Data records:
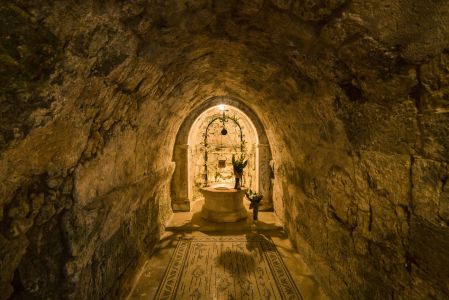 国外,城镇,建筑,宗教文化,历史古迹,景点,以色列,艾恩卡勒姆Ein Kerem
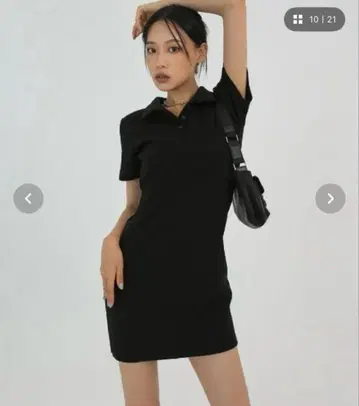BLACKUP 폴로 원피스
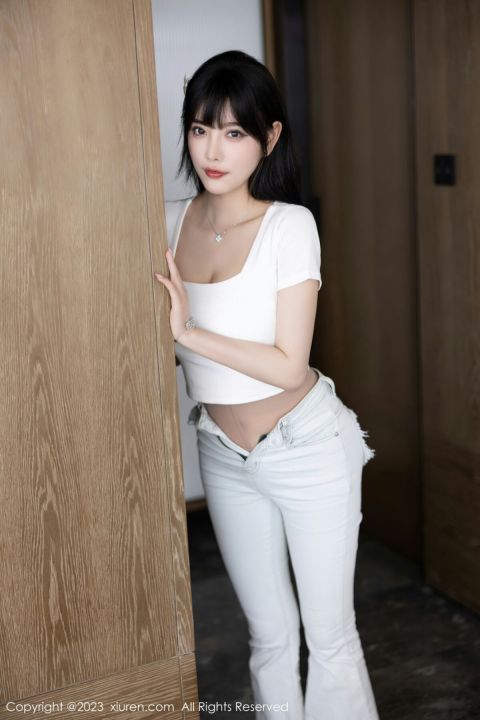 【XiuRen秀人網】20230509Vol6707楊晨晨Yome【90P】-XIUREN秀人网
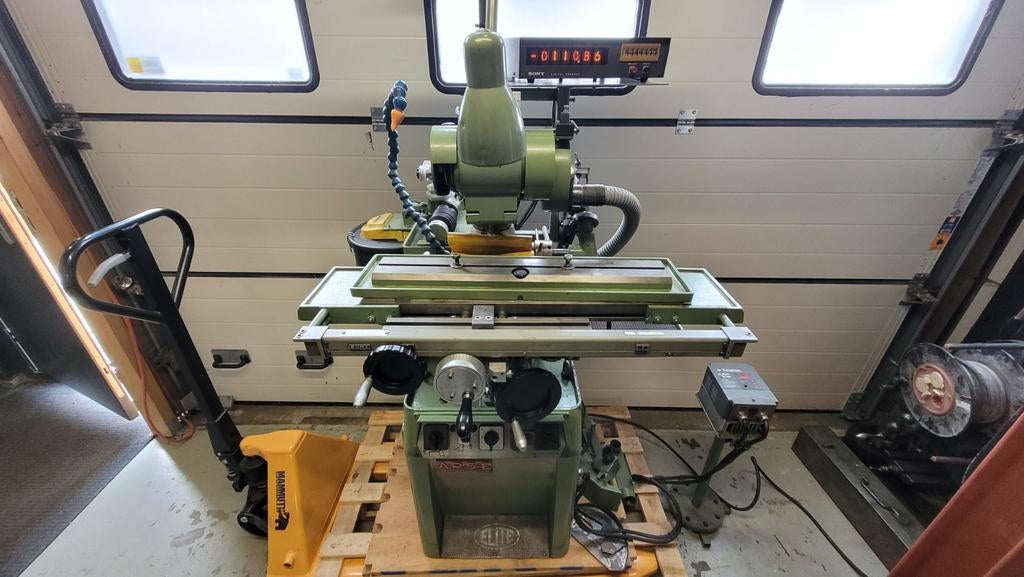 Elite AR5E slijpmachine overcompleet, Doe-het-zelf en Verbouw, Ophalen, Gebruikt, 700 tot 1000 watt, Overige typen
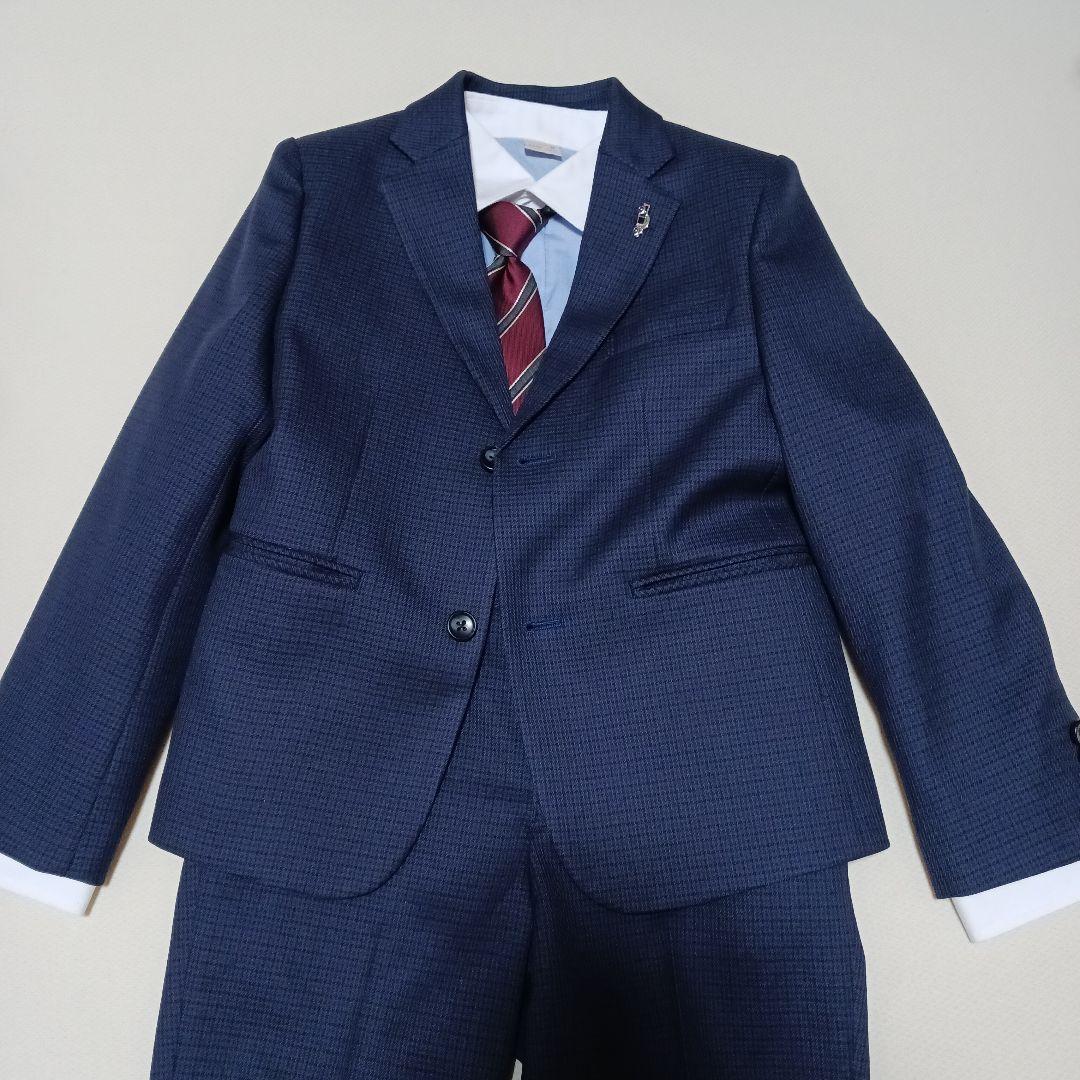 プティマイン スーツ極美品 130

Task statement:
Please copy the entries in full. Leave each image out.

Response for this exercise:
 国外,城镇,建筑,宗教文化,历史古迹,景点,以色列,艾恩卡勒姆Ein Kerem
BLACKUP 폴로 원피스
 【XiuRen秀人網】20230509Vol6707楊晨晨Yome【90P】-XIUREN秀人网
 Elite AR5E slijpmachine overcompleet, Doe-het-zelf en Verbouw, Ophalen, Gebruikt, 700 tot 1000 watt, Overige typen
 プティマイン スーツ極美品 130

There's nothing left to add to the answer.